Performance Considerations

Since UTF-8 encoded characters have variable lengths, there may be performance impacts. Some functions provide both ASCII and UTF-8 versions for selection.

For example:

  • The length function returns the byte length of a string
  • The char_length function returns the character count of a string
mysql> select length('你好');
+------------------+
| length('你好') |
+------------------+
| 6 |
+------------------+

mysql> select length('αλφαβητον');
+------------------------------+
| length('αλφαβητον') |
+------------------------------+
| 18 |
+------------------------------+

mysql> select char_length('你好');
+-----------------------+
| char_length('你好') |
+-----------------------+
| 2 |
+-----------------------+

mysql> select char_length('αλφαβητον');
+-----------------------------------+
| char_length('αλφαβητον') |
+-----------------------------------+
| 9 |
+-----------------------------------+

Special Notes

Some string functions that don't support UTF-8 encoding will be specifically mentioned in the documentation. For example, the NGRAM_SEARCH function only supports ASCII-encoded strings.

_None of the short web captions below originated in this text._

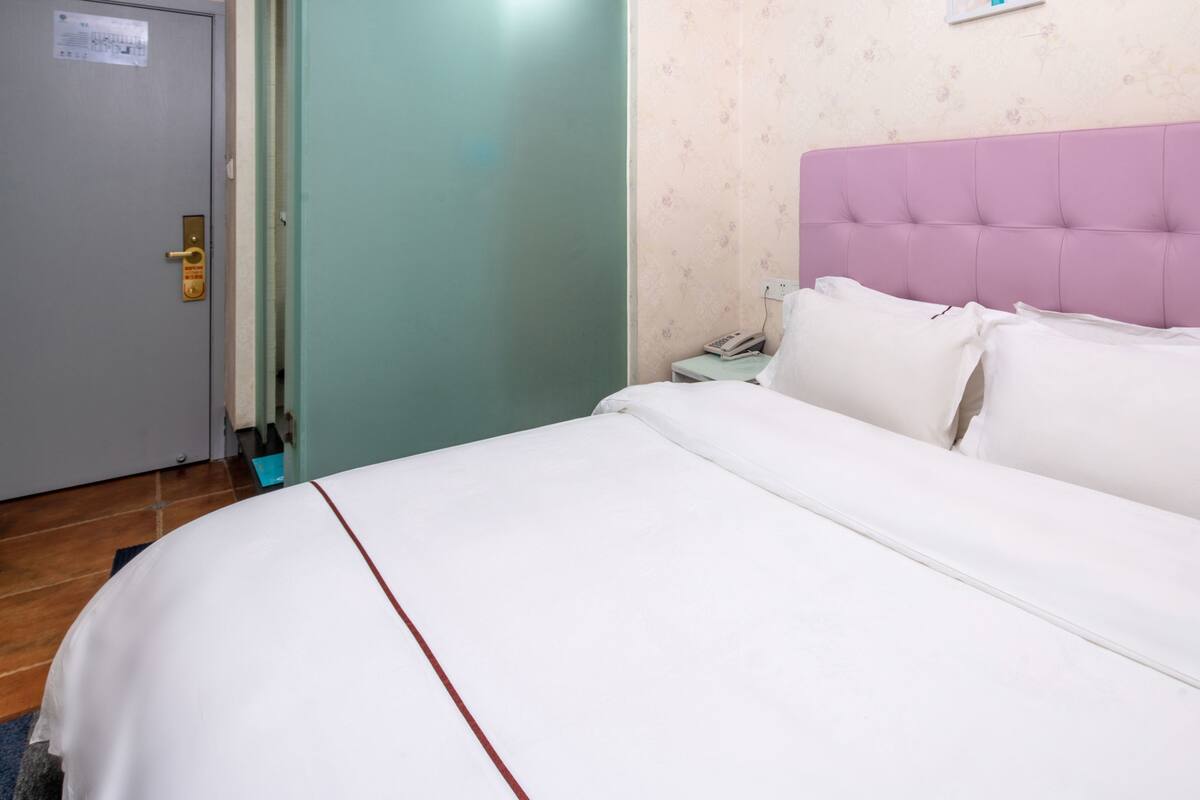 A hotel room with a bed, a nightstand, a telephone, and a door.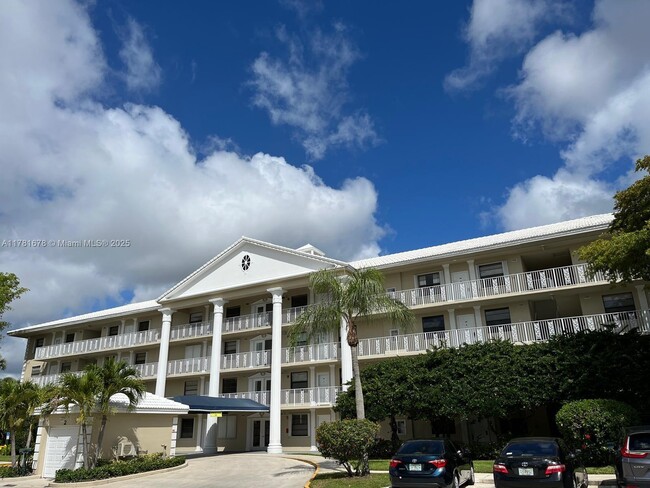 Building Photo - 3521 Village Blvd Unit 205 Rental
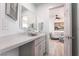 Bright bathroom with a unique clear glass vessel sink and view into the living room at 188 Carthage St, Henderson, NV 89074
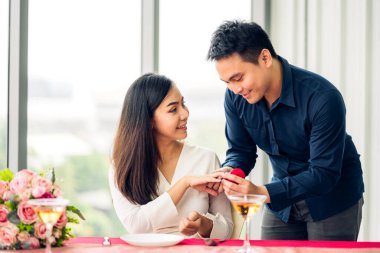 Yakışıklı, romantik Asyalı bir adam sevgilisine sürpriz yapmak için elmas yüzük veriyor ve sevgililer gününde restoranda konuşuyor.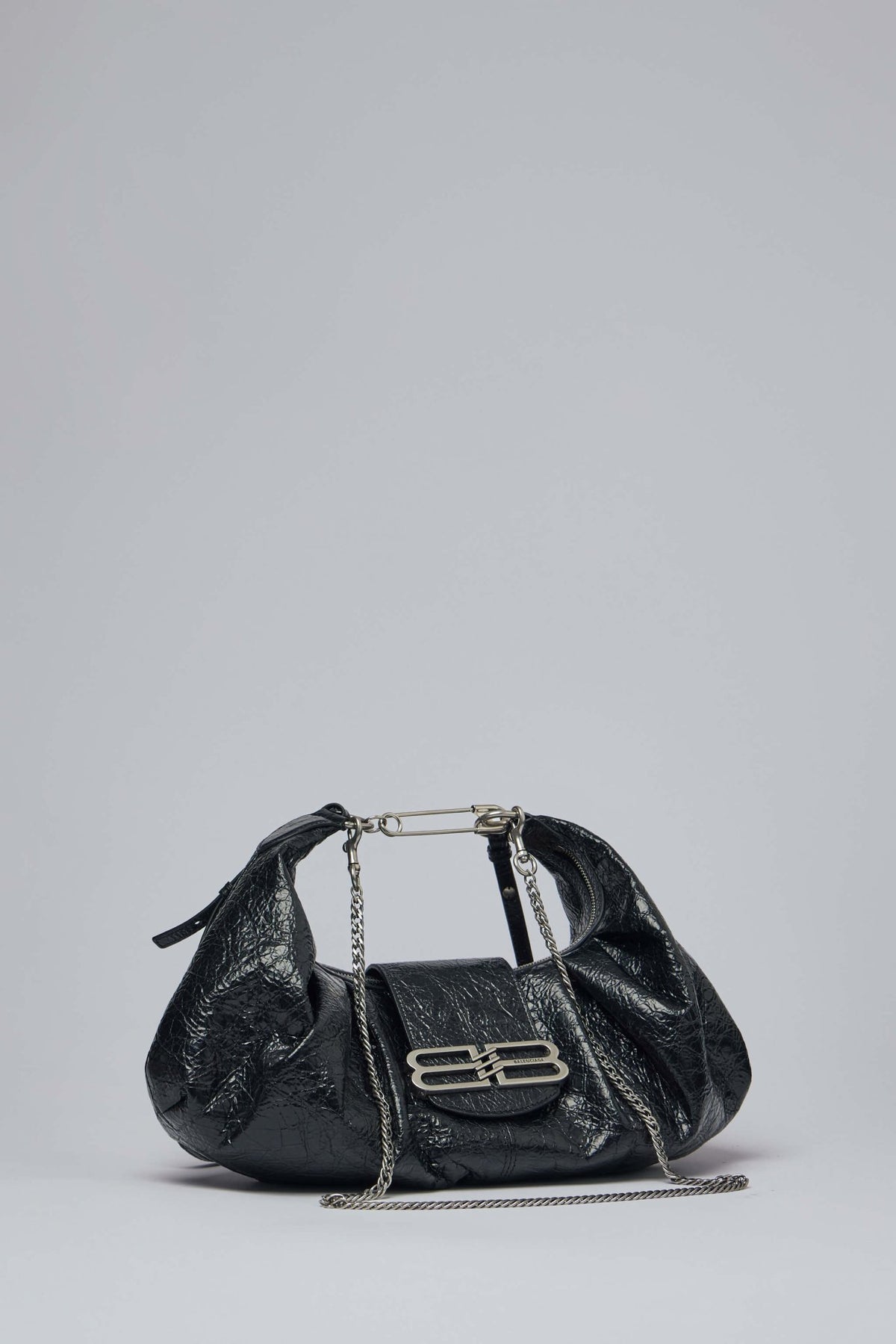 Close-up view of Balenciaga Pamela bag front flap with signature logo detail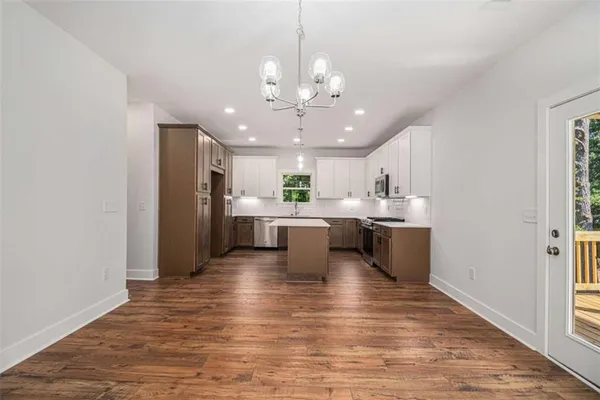 a view of a kitchen with a sink stainless steel appliances and cabinets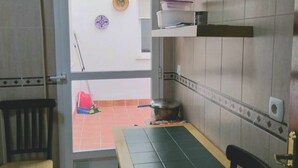 Een kleine keuken met een eettafel en stoelen, een klein raam en een betegelde spatwand.
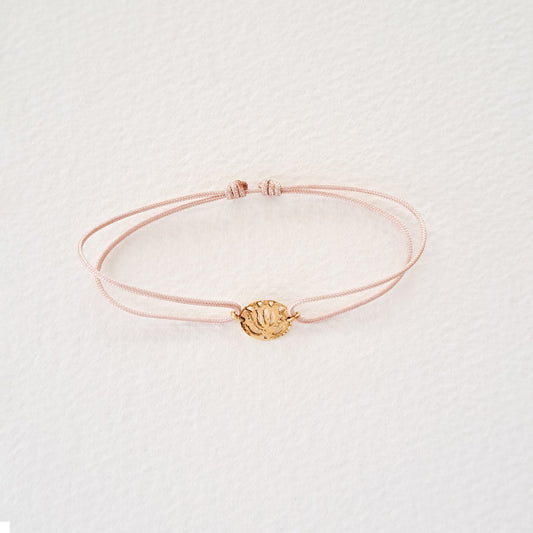 Lotus bracelet on thread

mysql> select ngram_search('abcab' , 'ab' , 2);
+----------------------------------+
| ngram_search('abcab' , 'ab' , 2) |
+----------------------------------+
| 0.5 |
+----------------------------------+

For non-ASCII characters, NGRAM_SEARCH will still execute, but the results may not be as expected.

mysql> select ngram_search('αβγαβ' , 'αβ' , 2);
+-----------------------------------------+
| ngram_search('αβγαβ' , 'αβ' , 2) |
+-----------------------------------------+
| 0.6666666666666666 |
+-----------------------------------------+